We know that slope (m) of the line $ax+by+c=0$ is defined as $m=\dfrac{-a}{b}$ .
So, we get the slope of the line $x-y=2$ is $m=\dfrac{-1}{-1}$ .
$\Rightarrow m=1$ .
Since, the slope of the tangent is equal to the slope of the line $x-y=2$ . We get the slope of the tangent as ‘1’.
Let us substitute ‘1’ in place of m in equation (1).
We get the equation of the tangent as $y=\left( 1 \right)x\pm \sqrt{5{{\left( 1 \right)}^{2}}-4}$ .
$\Rightarrow y=x\pm \sqrt{5\left( 1 \right)-4}$ .
$\Rightarrow y=x\pm \sqrt{5-4}$ .
$\Rightarrow y=x\pm \sqrt{1}$ .
$\Rightarrow y=x\pm 1$ .
$\Rightarrow x-y\pm 1=0$ .
We get the equation of the pair of tangents that is parallel to the line $x-y=2$ as $x-y\pm 1=0$ .
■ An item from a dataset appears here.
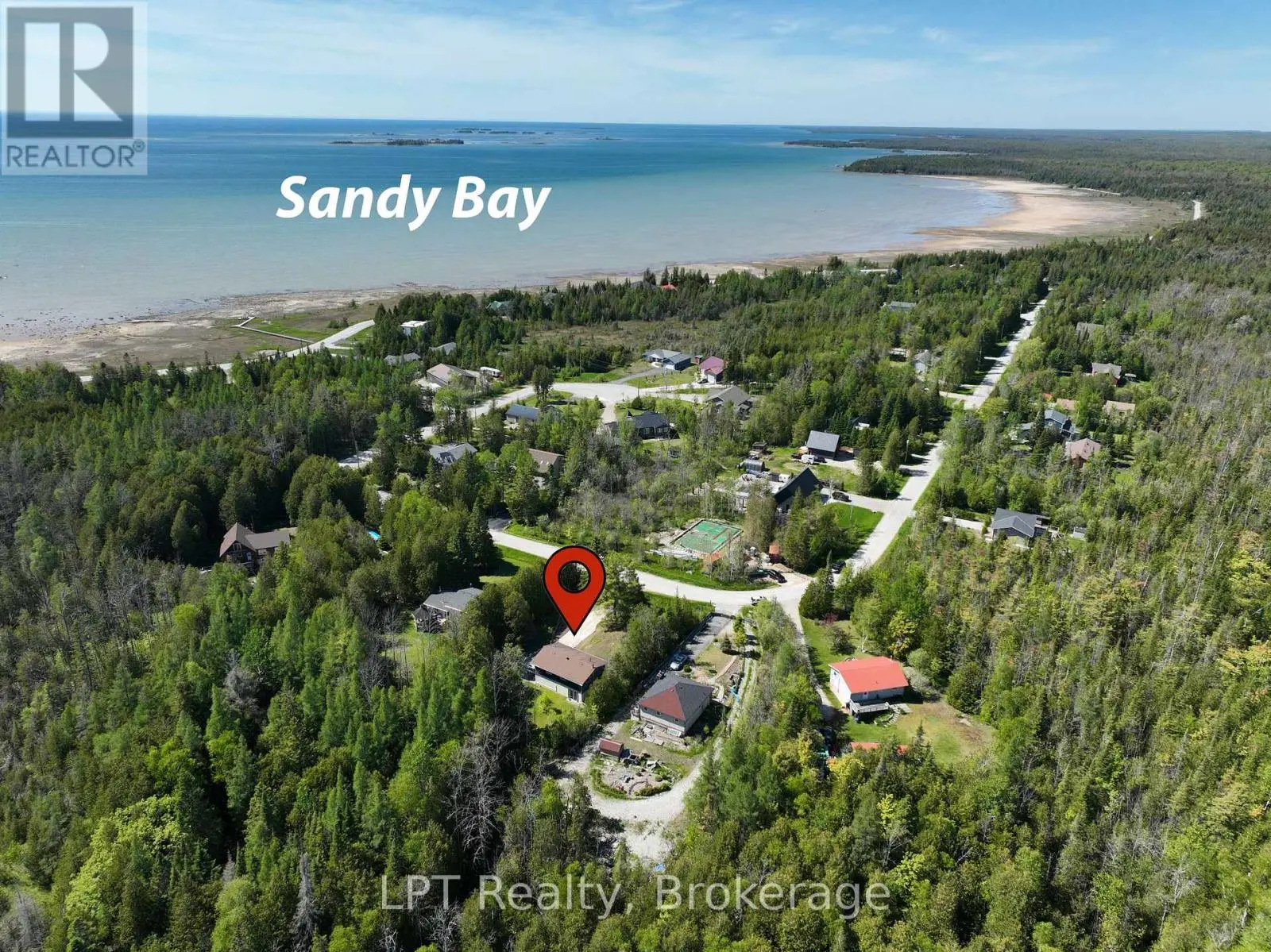67 William Court, South Bruce Peninsula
From the options, we can see there is an equation $x-y+1=0$ .
∴ The equation of the tangents parallel to $x-y=2$ as $x-y\pm 1=0$ .

So, the correct answer is “Option c”.

Note: We can see that the options contain only one equation of the tangent. If we are answering the multiple answer type question, we need to see whether there is another equation or not. We can also solve the problem, by taking the equation of the tangent as $x-y=k$ and substituting in the given equation of hyperbola to get the value of k.